Reproduce each entry below verbatim.

(PROVIDED RECORDS)

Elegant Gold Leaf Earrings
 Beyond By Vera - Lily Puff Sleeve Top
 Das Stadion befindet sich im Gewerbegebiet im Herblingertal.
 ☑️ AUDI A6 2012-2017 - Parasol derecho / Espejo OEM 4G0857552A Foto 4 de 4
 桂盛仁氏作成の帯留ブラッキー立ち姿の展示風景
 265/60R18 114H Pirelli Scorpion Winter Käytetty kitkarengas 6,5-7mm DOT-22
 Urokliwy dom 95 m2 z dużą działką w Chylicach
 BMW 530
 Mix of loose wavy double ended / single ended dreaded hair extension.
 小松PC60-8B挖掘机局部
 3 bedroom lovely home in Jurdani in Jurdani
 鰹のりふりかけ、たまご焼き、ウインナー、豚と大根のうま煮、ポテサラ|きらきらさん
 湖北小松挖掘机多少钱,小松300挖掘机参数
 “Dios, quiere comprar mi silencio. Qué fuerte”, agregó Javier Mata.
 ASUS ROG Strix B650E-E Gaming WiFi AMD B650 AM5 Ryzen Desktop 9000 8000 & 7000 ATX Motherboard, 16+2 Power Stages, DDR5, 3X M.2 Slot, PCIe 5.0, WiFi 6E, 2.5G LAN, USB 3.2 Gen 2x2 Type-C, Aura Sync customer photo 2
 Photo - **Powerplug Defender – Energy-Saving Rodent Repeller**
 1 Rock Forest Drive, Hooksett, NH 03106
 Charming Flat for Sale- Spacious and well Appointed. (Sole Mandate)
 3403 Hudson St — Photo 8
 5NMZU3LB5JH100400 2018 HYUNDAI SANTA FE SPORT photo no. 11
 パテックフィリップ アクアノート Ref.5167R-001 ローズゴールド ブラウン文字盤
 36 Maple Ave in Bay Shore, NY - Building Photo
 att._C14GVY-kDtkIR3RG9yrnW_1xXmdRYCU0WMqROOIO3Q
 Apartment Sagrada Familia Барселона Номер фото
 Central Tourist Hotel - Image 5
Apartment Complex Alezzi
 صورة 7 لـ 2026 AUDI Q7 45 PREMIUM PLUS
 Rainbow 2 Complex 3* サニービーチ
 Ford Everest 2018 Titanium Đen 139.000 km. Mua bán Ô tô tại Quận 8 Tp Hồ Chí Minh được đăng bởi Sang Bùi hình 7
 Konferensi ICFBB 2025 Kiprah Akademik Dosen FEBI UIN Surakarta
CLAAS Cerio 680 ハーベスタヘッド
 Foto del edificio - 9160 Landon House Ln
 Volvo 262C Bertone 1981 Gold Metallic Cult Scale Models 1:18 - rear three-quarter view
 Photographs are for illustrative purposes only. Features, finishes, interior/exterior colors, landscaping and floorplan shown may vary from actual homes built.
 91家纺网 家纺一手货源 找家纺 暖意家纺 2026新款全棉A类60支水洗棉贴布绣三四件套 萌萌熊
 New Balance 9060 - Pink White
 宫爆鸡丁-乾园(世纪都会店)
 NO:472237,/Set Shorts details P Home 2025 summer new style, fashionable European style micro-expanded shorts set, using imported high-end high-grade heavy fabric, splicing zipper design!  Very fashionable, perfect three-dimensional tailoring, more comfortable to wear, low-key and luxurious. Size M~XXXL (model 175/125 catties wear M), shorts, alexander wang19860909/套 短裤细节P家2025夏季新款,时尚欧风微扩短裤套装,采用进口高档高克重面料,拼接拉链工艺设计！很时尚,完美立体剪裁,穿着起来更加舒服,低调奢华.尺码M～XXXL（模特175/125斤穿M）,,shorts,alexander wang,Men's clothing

(End PROVIDED RECORDS)

## [RESPONSE BOX]
Elegant Gold Leaf Earrings
 Beyond By Vera - Lily Puff Sleeve Top
 Das Stadion befindet sich im Gewerbegebiet im Herblingertal.
 ☑️ AUDI A6 2012-2017 - Parasol derecho / Espejo OEM 4G0857552A Foto 4 de 4
 桂盛仁氏作成の帯留ブラッキー立ち姿の展示風景
 265/60R18 114H Pirelli Scorpion Winter Käytetty kitkarengas 6,5-7mm DOT-22
 Urokliwy dom 95 m2 z dużą działką w Chylicach
 BMW 530
 Mix of loose wavy double ended / single ended dreaded hair extension.
 小松PC60-8B挖掘机局部
 3 bedroom lovely home in Jurdani in Jurdani
 鰹のりふりかけ、たまご焼き、ウインナー、豚と大根のうま煮、ポテサラ|きらきらさん
 湖北小松挖掘机多少钱,小松300挖掘机参数
 “Dios, quiere comprar mi silencio. Qué fuerte”, agregó Javier Mata.
 ASUS ROG Strix B650E-E Gaming WiFi AMD B650 AM5 Ryzen Desktop 9000 8000 & 7000 ATX Motherboard, 16+2 Power Stages, DDR5, 3X M.2 Slot, PCIe 5.0, WiFi 6E, 2.5G LAN, USB 3.2 Gen 2x2 Type-C, Aura Sync customer photo 2
 Photo - **Powerplug Defender – Energy-Saving Rodent Repeller**
 1 Rock Forest Drive, Hooksett, NH 03106
 Charming Flat for Sale- Spacious and well Appointed. (Sole Mandate)
 3403 Hudson St — Photo 8
 5NMZU3LB5JH100400 2018 HYUNDAI SANTA FE SPORT photo no. 11
 パテックフィリップ アクアノート Ref.5167R-001 ローズゴールド ブラウン文字盤
 36 Maple Ave in Bay Shore, NY - Building Photo
 att._C14GVY-kDtkIR3RG9yrnW_1xXmdRYCU0WMqROOIO3Q
 Apartment Sagrada Familia Барселона Номер фото
 Central Tourist Hotel - Image 5
Apartment Complex Alezzi
 صورة 7 لـ 2026 AUDI Q7 45 PREMIUM PLUS
 Rainbow 2 Complex 3* サニービーチ
 Ford Everest 2018 Titanium Đen 139.000 km. Mua bán Ô tô tại Quận 8 Tp Hồ Chí Minh được đăng bởi Sang Bùi hình 7
 Konferensi ICFBB 2025 Kiprah Akademik Dosen FEBI UIN Surakarta
CLAAS Cerio 680 ハーベスタヘッド
 Foto del edificio - 9160 Landon House Ln
 Volvo 262C Bertone 1981 Gold Metallic Cult Scale Models 1:18 - rear three-quarter view
 Photographs are for illustrative purposes only. Features, finishes, interior/exterior colors, landscaping and floorplan shown may vary from actual homes built.
 91家纺网 家纺一手货源 找家纺 暖意家纺 2026新款全棉A类60支水洗棉贴布绣三四件套 萌萌熊
 New Balance 9060 - Pink White
 宫爆鸡丁-乾园(世纪都会店)
 NO:472237,/Set Shorts details P Home 2025 summer new style, fashionable European style micro-expanded shorts set, using imported high-end high-grade heavy fabric, splicing zipper design!  Very fashionable, perfect three-dimensional tailoring, more comfortable to wear, low-key and luxurious. Size M~XXXL (model 175/125 catties wear M), shorts, alexander wang19860909/套 短裤细节P家2025夏季新款,时尚欧风微扩短裤套装,采用进口高档高克重面料,拼接拉链工艺设计！很时尚,完美立体剪裁,穿着起来更加舒服,低调奢华.尺码M～XXXL（模特175/125斤穿M）,,shorts,alexander wang,Men's clothing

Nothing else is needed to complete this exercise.